Irgendwann lebte Gerhard
Aufzeichnungen eines jungen Deutschen 1923-1948
Gerhard Sedding
Vor dem Hintergrund der Wirtschaftskrise, des Aufstiegs Hitlers und des Zweiten Weltkriegs bis hin zu den ersten Nachkriegsjahren erzählt Sedding (geb. 1923) seine eigene Geschichte.
„Und was bleibt?
Die Bilder sind da, die inneren, von Zeit zu Zeit quellen sie empor, drängen sich in Atem und Herzschlag, du lebst wieder mitten in ihnen. Manche wärmen dich.

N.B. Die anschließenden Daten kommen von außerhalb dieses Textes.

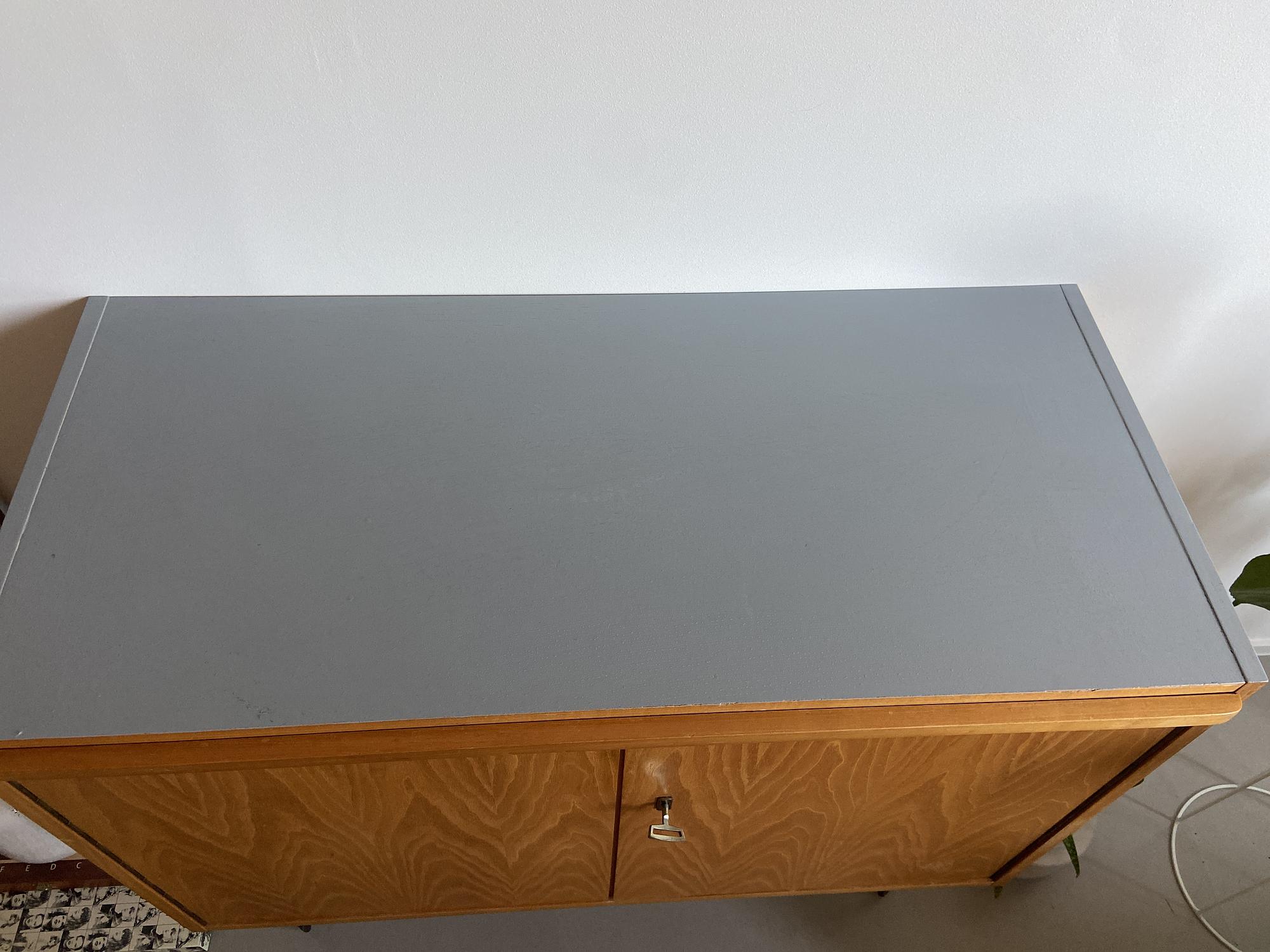 Mid-Century Kommode Holz 5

Andere aber krallen sich ein, lassen dich nicht los. Oder sie jagen dich wie Videoclips von einer damaligen Situation zur anderen. Einige Male werfen sie dich in die Kissen, das laute Schluchzen zu unterdrücken, die Tränen.
Du musst aufschreiben, was damals geschah. Es jüngeren Menschen, anderen Generationen verständlich machen, die äußeren Geschehnisse, die innere Verblendung, das sich steigernde Verstricktwerden, das Versagen. Sprechen für die, die es nicht mehr können.
Aus welchen Verflechtungen dieser junge Mensch in den Krieg hineinwuchs: Familie und Kindheit zwischen Inflation und Wirtschaftskrise. Schule und Internat im Nationalsozialismus.
Und wie das war im Krieg: 1941 mit achtzehn Jahren als Infanterist von Ostpreußen bis vor Moskau. 1943 Führer einer Frontkompanie in der Ukraine. 1944/45 Chef einer Kompanie russischer Freiwilliger in Italien …
Aber auch, wie es nach dem Krieg mit ihm weiter ging: In den Wirren der Kriegsfolgen. Im besetzten und geteilten Land, der geteilten Familie. Die tastende Suche nach dem eigenen Weg.